Legion’s big plan for its protagonist David (Dan Stevens) came into sharper focus during its season 2 finale, “Chapter 19” – it aired Tuesday on FX and is available for purchase elsewhere – as the extremely-powerful mutant son of Charles Xavier refused to reckon with the idea that his seemingly good-guy actions had dragged down him a slippery slope into potential outright villainy. In essence, David ended up reinforcing the well-known proverb: “The road to hell is paved with good intentions.”

Of course, this being Noah Hawley’s Legion, which loves to place its straightforward narratives and big-picture themes in a mind-boggling package that’s always more interested in ratcheting up the visual style factor than plot or character depth, that idea of the hero being the villain was never given the time it needed to develop. Instead, the show relied on a few late-game inserts, in Syd (Rachel Keller) being shown David’s actions from another light and a manipulated sexual encounter between the two, to quickly convince the audience of the same.

For what it’s worth, David going dark was hinted at early on, and the show’s original big bad – the Shadow King aka Amahl Farouk (Navid Negabhan) – said as much, albeit a little more than midway through the second season. But unfortunately, Legion has never been good with sticking to its main arc – here, it was about the race to find Farouk’s body – and frequently gets distracted in exploring other ideas for entire episodes at a time. Sure, it may deploy them using the visual smarts it’s become known for, but that’s still in service of a side track.

A big culprit was the subplot involving mass hysteria, which came to the fore in the seventh episode of the season, “Chapter 15”, as Farouk’s sabotage of David’s allies almost resulted in them killing the leader of Division 3, Admiral Fukyama (Marc Oka), the guy with a straw basket on his head. It was aided by the so-called educational interludes, with Jon Hamm (Mad Men) as narrator, which contributed to our understanding of what was going on at times, and entirely failed to connect the dots in other places.

legion season 2 kerry cary Legion season 2

Amber Midthunder as Kerry Loudermilk, Bill Irwin as Cary Loudermilk in Legion season 2
Photo Credit: Suzanne Tenner/FX

That difference in cohesion, and in turn quality, was true of the season as a whole. Where Legion gained some necessary momentum in one episode (“Chapter 11” had David solving cerebral puzzles inside everyone’s minds) and provided some character depth in another (“Chapter 12” gave us a look at Syd’s troubled upbringing), it squandered that by going for a big twist for a character it never fleshed out (“Chapter 13” revealed Farouk had turned Amy into Lenny) or hitting the brakes hard (a check-in with supporting characters in “Chapter 17”).

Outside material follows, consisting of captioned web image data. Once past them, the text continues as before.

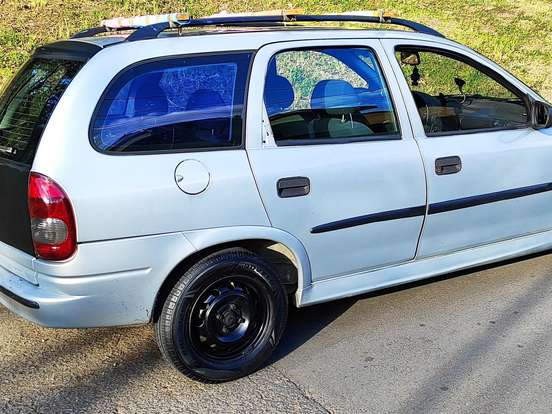 CHEVROLET-CORSA-1.0 MPFI SUPER WAGON 16V GASOLINA 4P MANUAL CHEVROLET-CORSA-2001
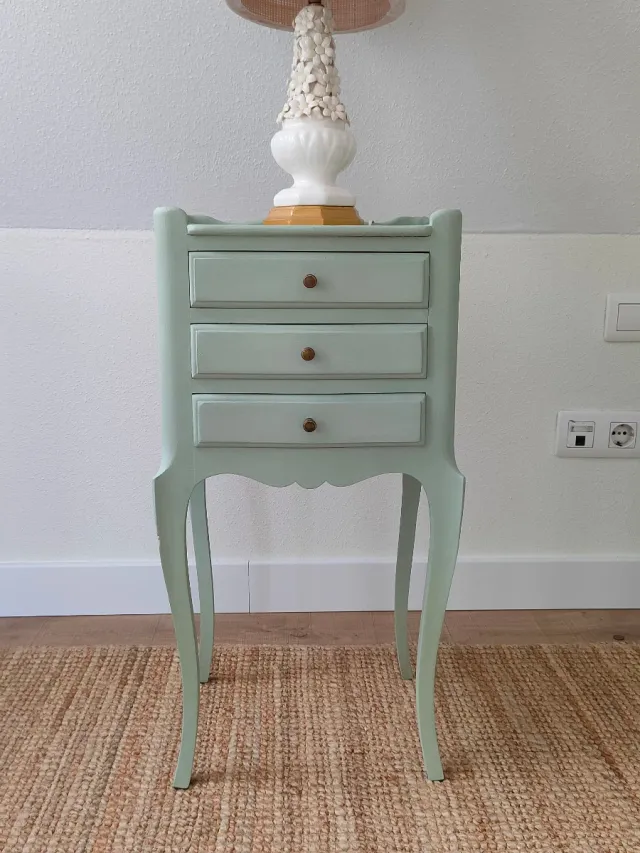 Mesita velador francés renovada verde menta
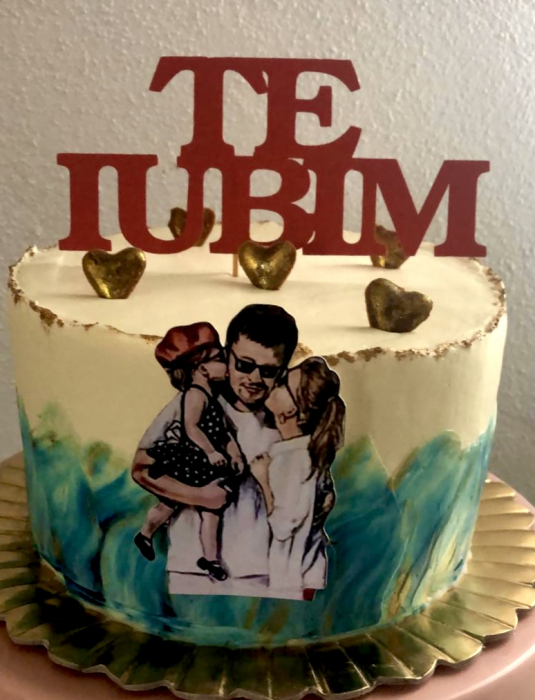 Topper frontal pentru familie cu tată, mamă și fetiță [2]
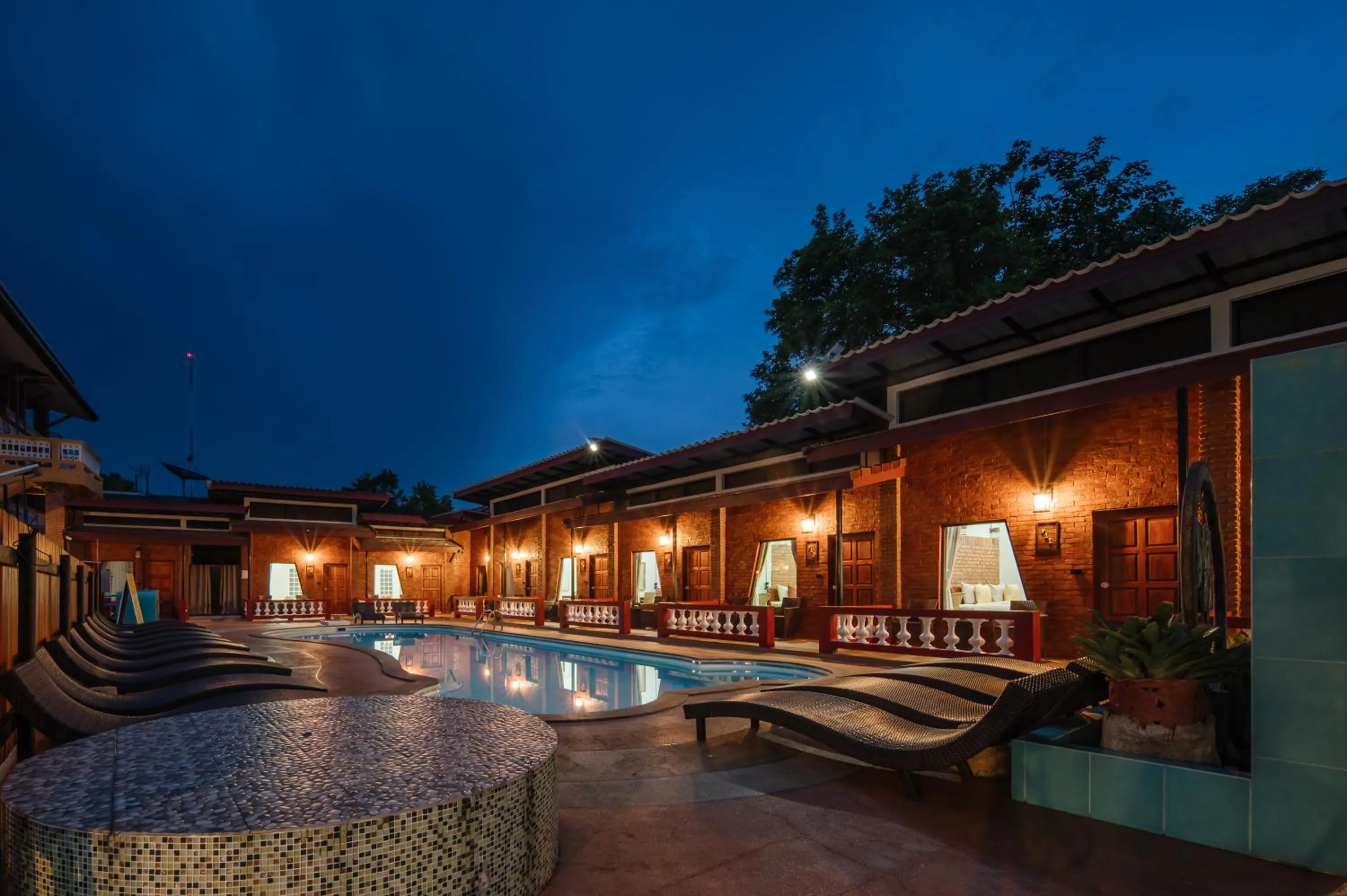 Swimming pool in Pongphen Guesthouse - SHA Plus Certified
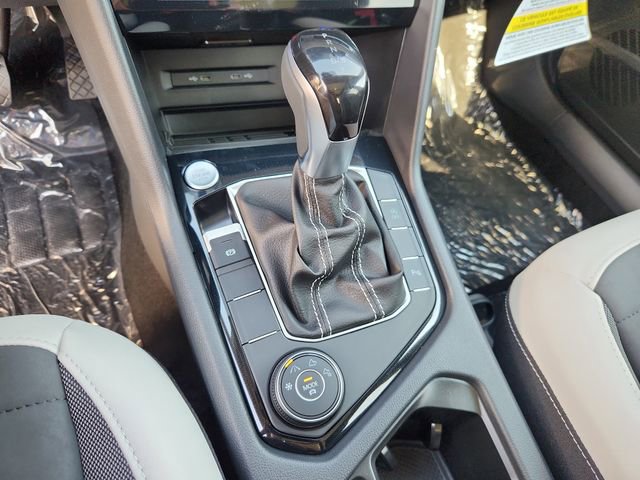 New 2025 Volkswagen Taos SE image 13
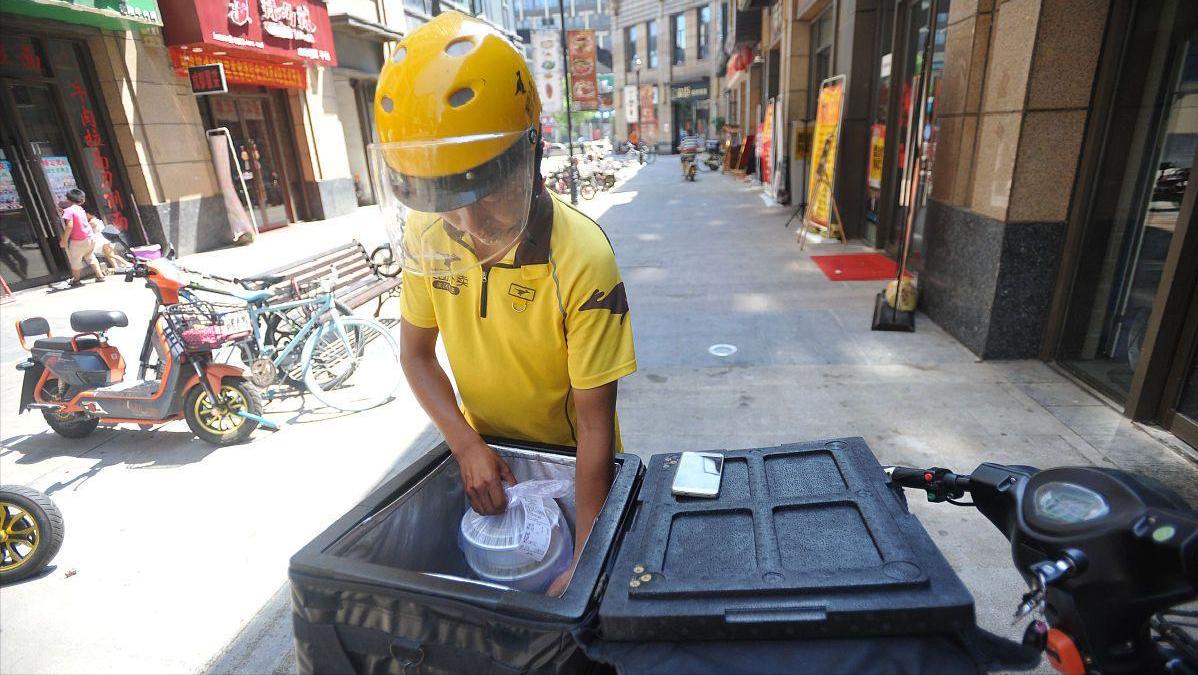 点外卖袋子里惊现活老鼠 (外卖里惊现整只死老鼠)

There was just one case during Legion’s season 2 where it was able to stick its brave approach, with David exploring the multiverse in “Chapter 14” and seeing all the other lives he could’ve had if he never went to a psychiatric hospital, be it dying at the hands of Kerry (Amber Midthunder), gunned down by the police after an incident with the yellow-eyed Devil, or becoming the richest man in the world at the cost of being controlled by Farouk all his life. Put that together with “Chapter 11” and “Chapter 12”, and you’ve got three good episodes among an extended total of 11, thanks to a mid-season announcement that there would be an extra episode.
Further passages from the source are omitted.